- _Exercise_
Beginning at the line containing "A mid-century modern", give again every line through the end of the data, unchanged and with both ends included. Drop any pictures.

Short text fragments from websites:
---

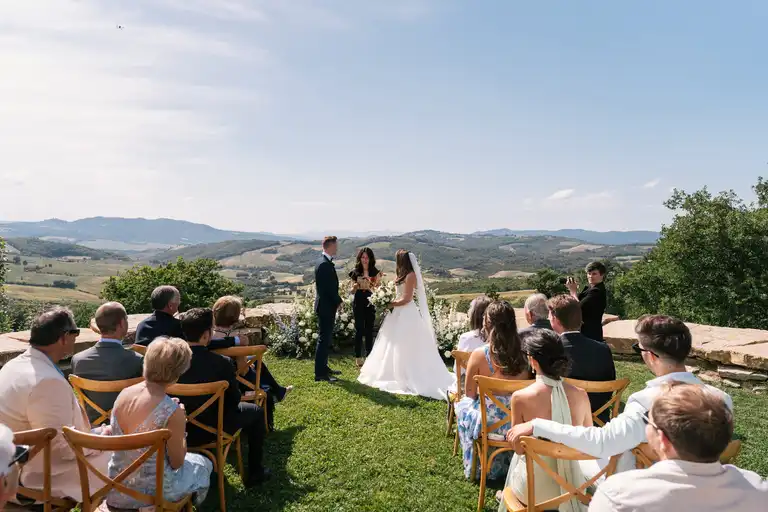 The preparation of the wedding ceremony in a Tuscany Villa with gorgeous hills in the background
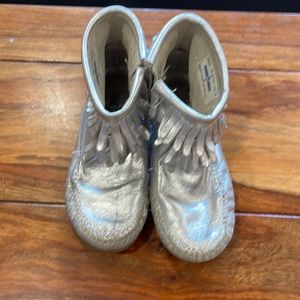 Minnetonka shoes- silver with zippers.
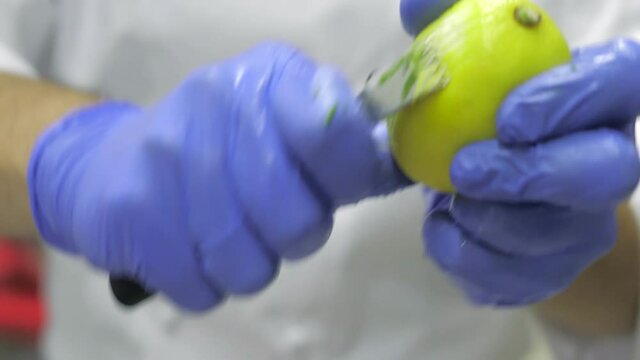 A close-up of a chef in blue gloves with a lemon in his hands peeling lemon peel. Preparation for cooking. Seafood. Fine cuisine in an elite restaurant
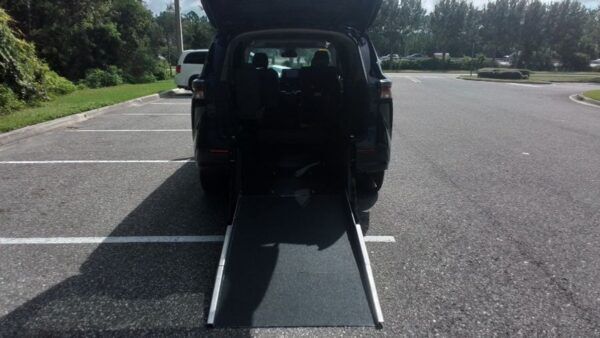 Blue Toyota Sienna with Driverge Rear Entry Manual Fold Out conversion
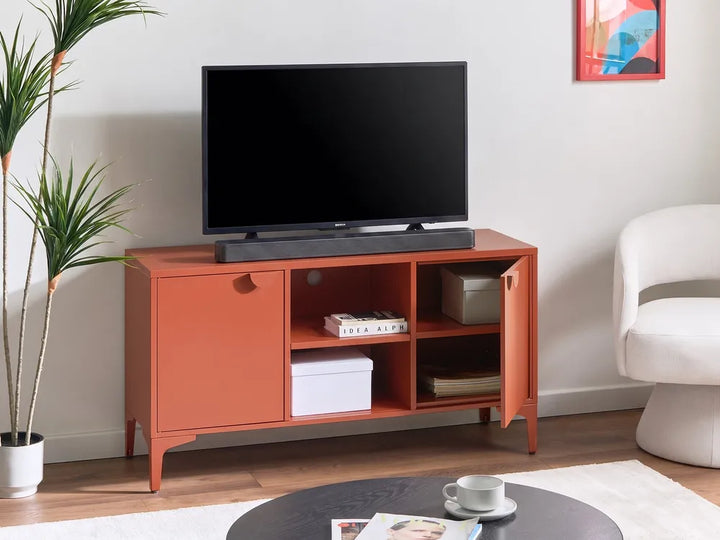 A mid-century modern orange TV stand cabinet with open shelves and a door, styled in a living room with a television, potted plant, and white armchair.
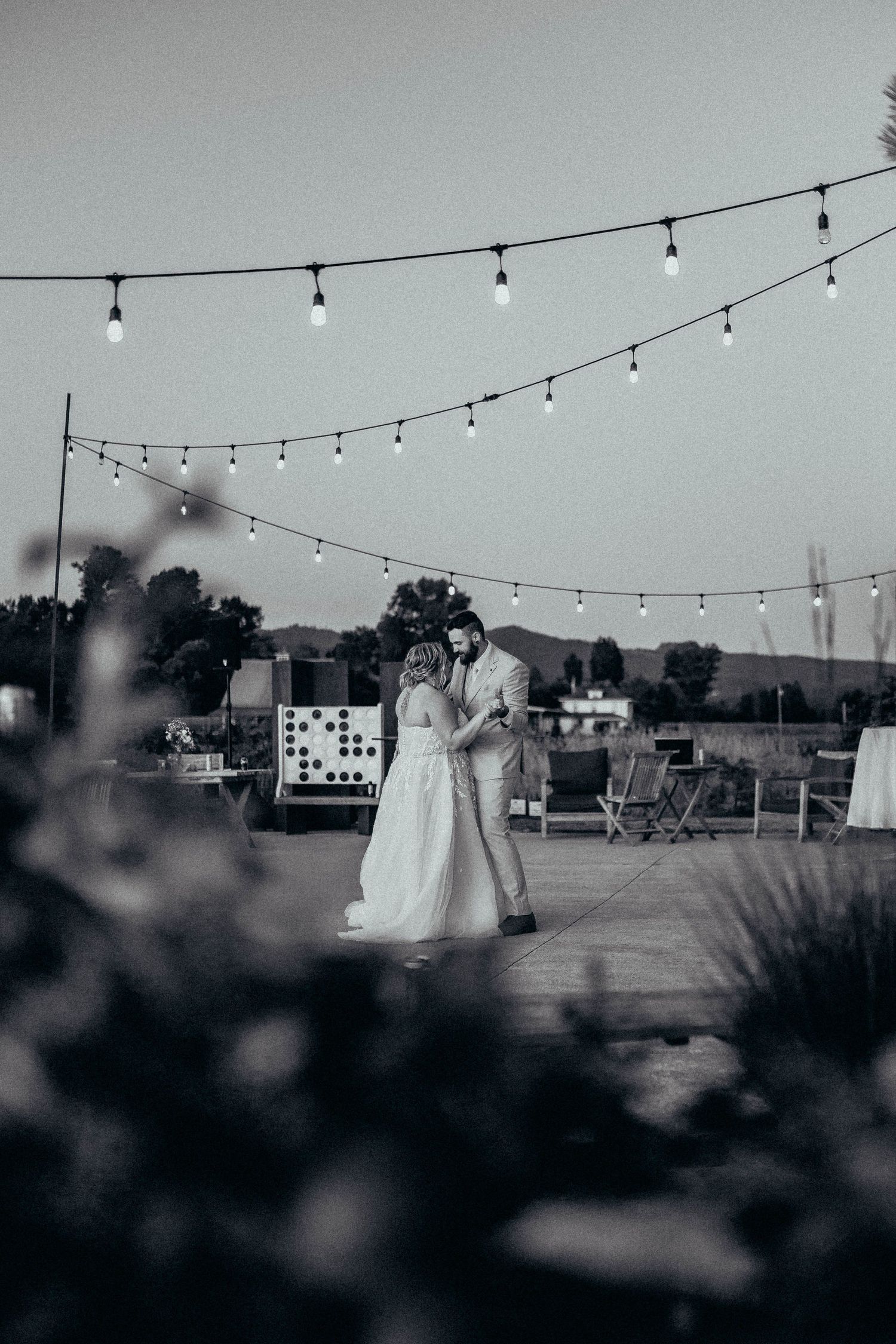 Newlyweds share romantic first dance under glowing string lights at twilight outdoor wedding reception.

---

- _Completed exercise_
 A mid-century modern orange TV stand cabinet with open shelves and a door, styled in a living room with a television, potted plant, and white armchair.
 Newlyweds share romantic first dance under glowing string lights at twilight outdoor wedding reception.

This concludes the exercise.